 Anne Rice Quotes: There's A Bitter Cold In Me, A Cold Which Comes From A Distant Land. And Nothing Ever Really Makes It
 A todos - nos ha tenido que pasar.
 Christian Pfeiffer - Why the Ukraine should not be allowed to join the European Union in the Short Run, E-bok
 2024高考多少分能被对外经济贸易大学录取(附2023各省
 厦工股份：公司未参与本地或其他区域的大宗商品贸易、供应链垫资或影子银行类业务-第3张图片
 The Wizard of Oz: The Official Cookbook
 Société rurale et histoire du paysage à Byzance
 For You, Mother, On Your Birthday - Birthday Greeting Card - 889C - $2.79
━━━━━━━━━━━━━━━━━━━━
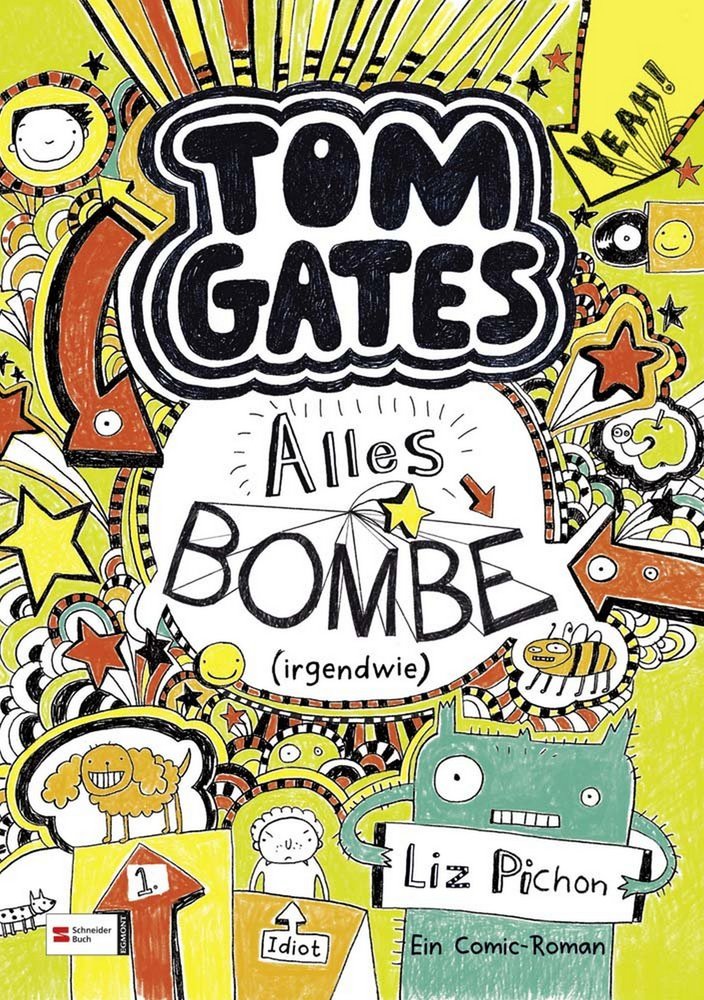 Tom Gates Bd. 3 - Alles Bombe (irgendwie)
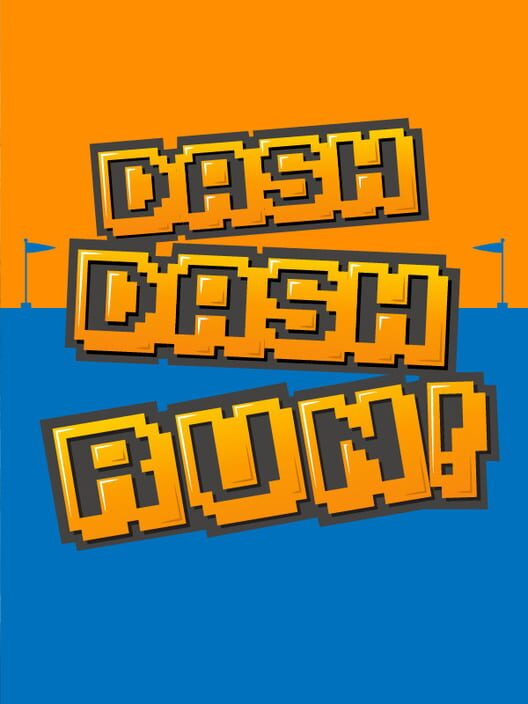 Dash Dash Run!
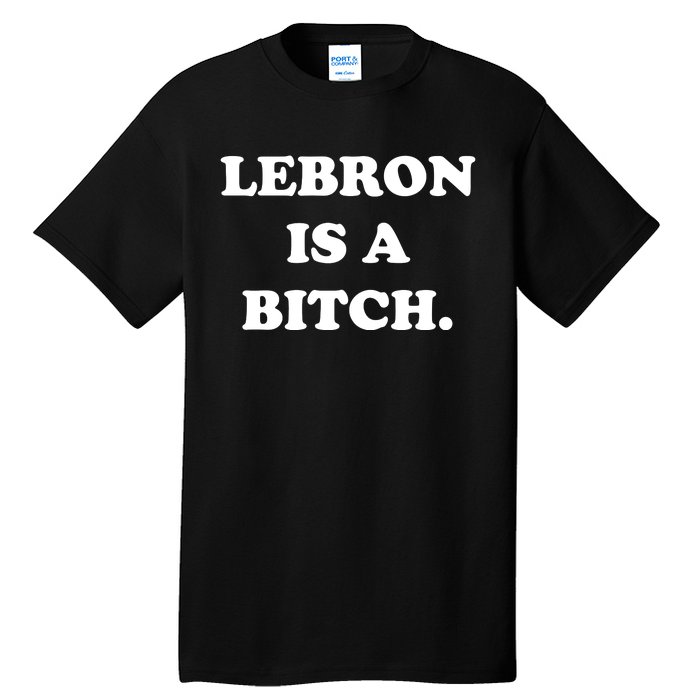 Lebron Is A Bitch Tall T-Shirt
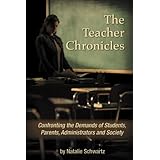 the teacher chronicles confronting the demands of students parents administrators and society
━━━━━━━━━━━━━━━━━━━━
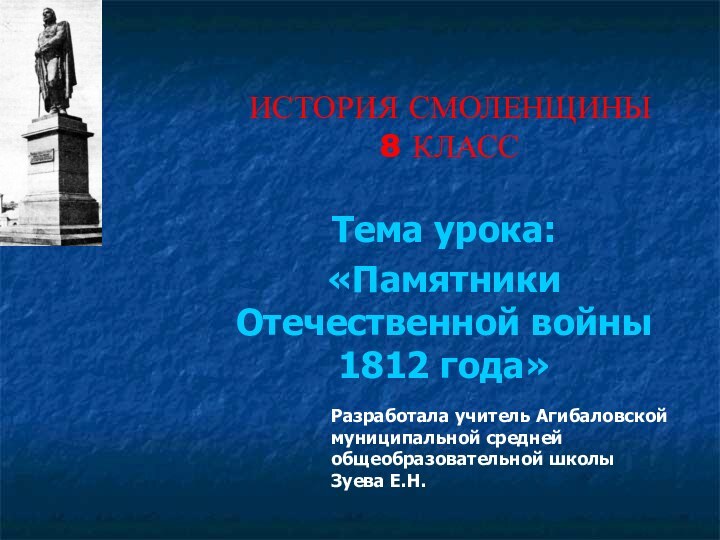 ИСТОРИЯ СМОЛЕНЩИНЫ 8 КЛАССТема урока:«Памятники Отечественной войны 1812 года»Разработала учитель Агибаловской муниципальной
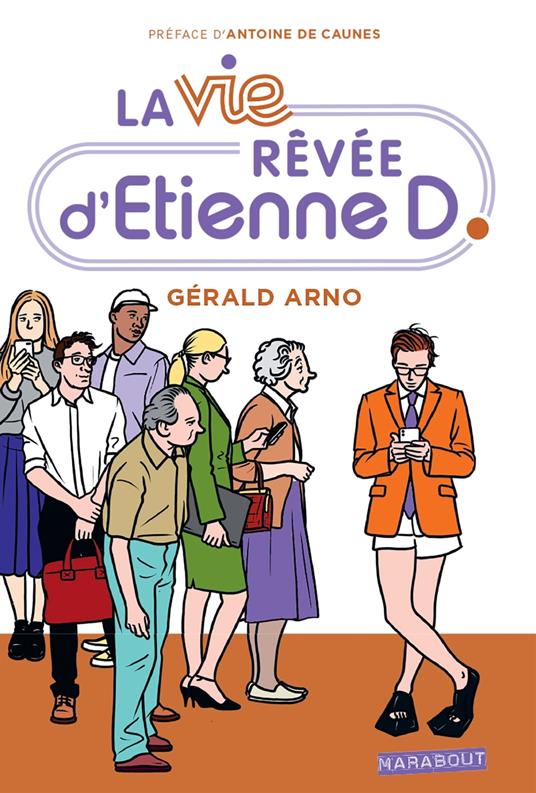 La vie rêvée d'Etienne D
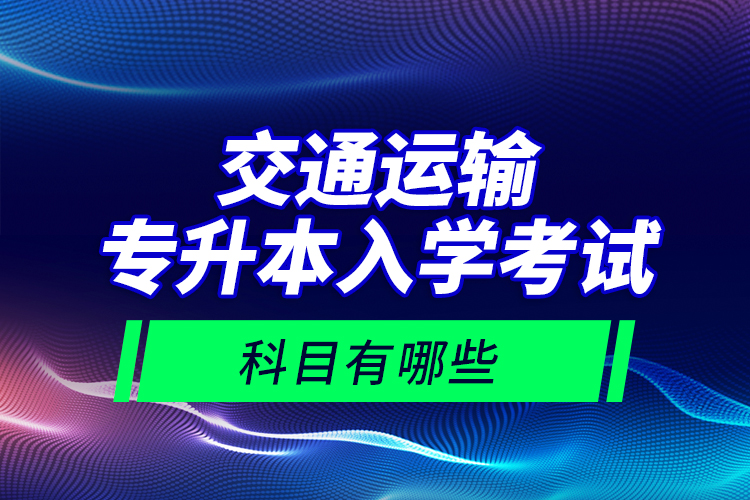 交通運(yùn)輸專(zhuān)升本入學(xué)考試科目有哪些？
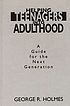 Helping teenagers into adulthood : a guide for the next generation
━━━━━━━━━━━━━━━━━━━━
__Your objective__
The required output is every line above from the one with "厦工股份：公司未参与本地或其" down to the one with "For You, Mother, On", restated word for word, ends included.

__Completed task__
 厦工股份：公司未参与本地或其他区域的大宗商品贸易、供应链垫资或影子银行类业务-第3张图片
 The Wizard of Oz: The Official Cookbook
 Société rurale et histoire du paysage à Byzance
 For You, Mother, On Your Birthday - Birthday Greeting Card - 889C - $2.79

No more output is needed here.